Three are three cornerstones of interview success: Ability, Mentality and Communication.

Ability Attitude Communication
Your technical skills, knowledge of programming languages/frameworks, software design, problem solving, algorithms, debugging, software development methodologies. Confidence, likeability, humorous. Clear communication, articulate, language skills

These are the key points you need to demonstrate during your interview.

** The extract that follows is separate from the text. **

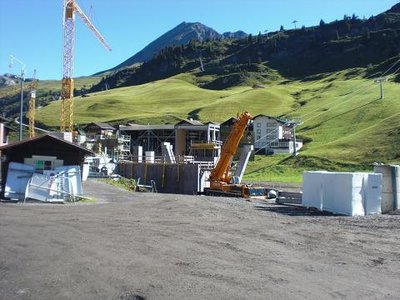 Der Kran steht bereit für die Seilbahntechnik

The best way to prove yourself is with evidence. Show how your previous work experience supports the three cornerstones.

Ability:

  • Produce and memorize a list of the frameworks and their features and nuances.
  • Talk about your GitHub and personal projects.
  • What technical scenarios required action on your part to overcome?
  • If you cannot answer a question directly, propose idea for you would attempt proactively, for example, doing online research, asking colleagues.
  • If you’ve already worked or done an internship, what were your previous technical successes? Even if the role was not related to coding.

Attitude:

  • Ensure you go in with a smile.
  • Prepare for questions designed to stress you.
  • Whatever happens be yourself.
  • Some lighthearted (appropriate) humor rarely goes amiss.

Communication:

  • Prepare a short and distinctive self-introduction in advance, mainly describing your technical expertise and educational/professional history.
  • When you do not hear or understand a question clearly, do not force yourself to answer, but ask the interviewer to clarify.
  • Pay attention to your micro-expressions, do not frown, fidget, speak too fast.
  • Do not interrupt the interviewer. (unless important)

The Selection Process

There are 4 key stages to the tech interview process.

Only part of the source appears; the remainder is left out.